Since the character data in the symbolic text window is already sorted by the horizontal position of the leftmost edge of each character, all of the bit-mapped image data in the image buffer to the left of the left edge of the character presently being processed is available for immediate printing. In practice, it is preferable to not start printing until either the image buffer is filled or the print data is exhausted, so that there will be sufficient image data available to permit a continuous motion of the printhead; otherwise it may be necessary to stop the printhead until additional image is ready for printing and then back up and re-accelerate for printing.
6. Output of Image to Printer
Conventional serial printers employ a fixed printhead velocity (multi-mode printers may have several such velocities--one for each mode); this simplifies the power requirements, mechanical design (simple stepper motors can be used and there is no need to compensate for the effects of acceleration or deceleration on the drive train) and also the firmware (in most printing technologies, including impact and ink jet, there is a noticeable lag between activation of a print element and the formation of the image on the paper). Since the prior art fixed velocity printers utilized processing hardware capable of handling the maximum possible data while printing at the nominal velocity, the hardware was not used at maximum efficiency and for a single line serial printer, there is only a relatively small penalty to pay in efficiency--perhaps 20%. However, if a head capable of printing as many as three lines of normal sized print is used to print triple spaced material, the 80% efficiency of a typical prior art fixed printhead velocity system will then be further reduced by a factor of three to only 24%. The situation is further compounded by the desirability, because of the relatively high cost of resistive thermal transfer printer ribbon, to avoid the need for double pass printing.
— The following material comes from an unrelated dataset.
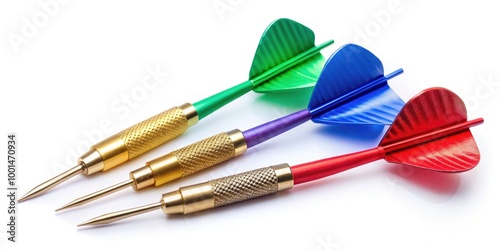 Colorful set of darts in various positions isolated on a white background for game and leisure concepts photo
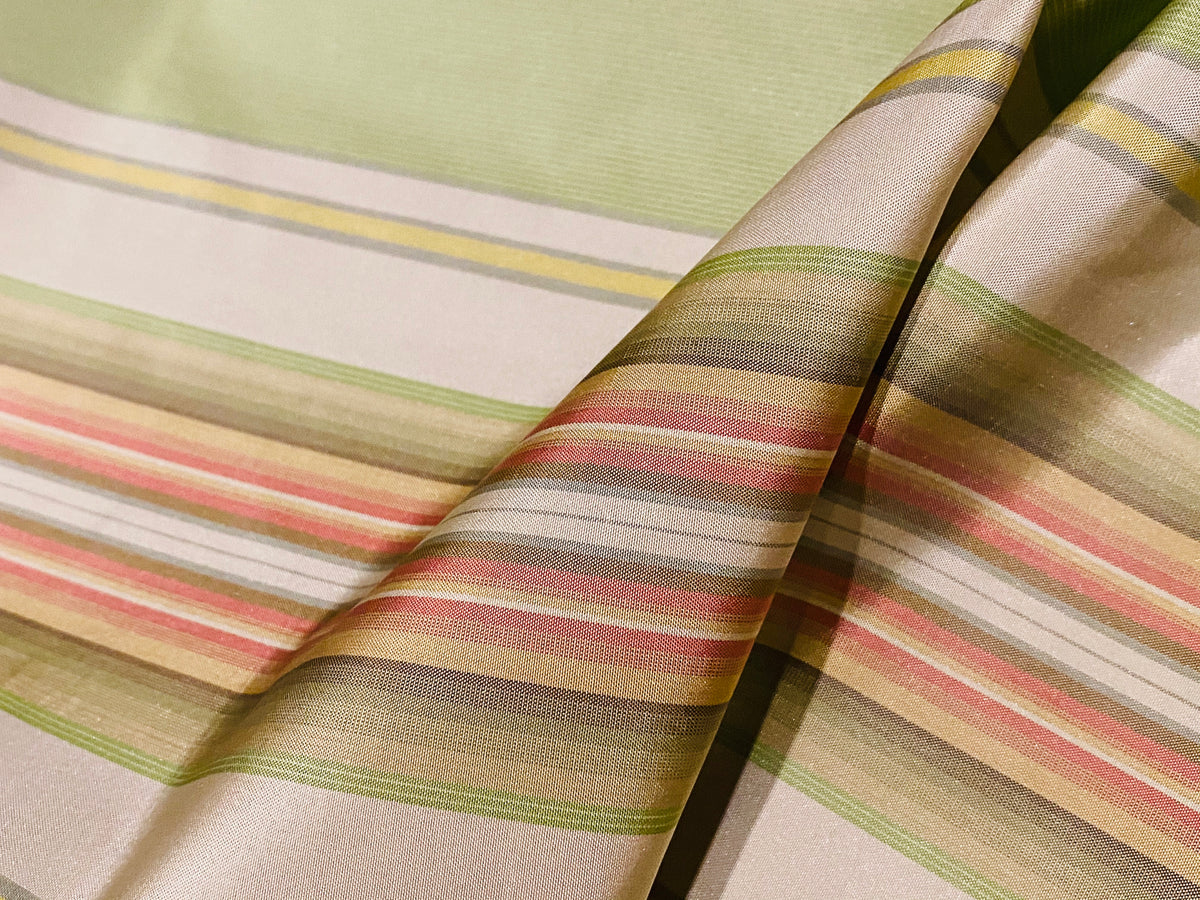 NEW! Lady Lair 100% Silk Taffeta Ice Cream Parlor Striped Fabric - Pink and Green - Fancy Styles Fabric Pierre Frey Lee Jofa Brunschwig & Fils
Thus, if the above described three-line printhead were to be used with an otherwise conventional constant velocity printer architecture, one possibility to obtain acceptable throughput would be to always print at the maximum printhead velocity and to compose all the image prior to commencing printing. With a letter quality resolution of 240×360 pixels per square inch, this would require an image buffer having in excess of 8 million bits for a full standard size page of image (8.5"×11" or 216×279 mm). Even if the image buffer memory were limited to a 1/2" (13 mm) wide strip being printed in a single 11" (279 mm) pass of the ribbon, this would require slightly less than 0.5 million bits. Alternatively, it would be possible to provide processing hardware capable of handling the maximum possible data rate and complexity while moving the printhead at its constant nominal velocity, with the result that the processing hardware requirements, and hence the costs could be several times what would otherwise be required. In either case, the power supply would have to be capable of supplying full voltage to all 120 electrodes of the printhead (80 electrodes, if the software checks for character combinations that could result in ribbon breakage).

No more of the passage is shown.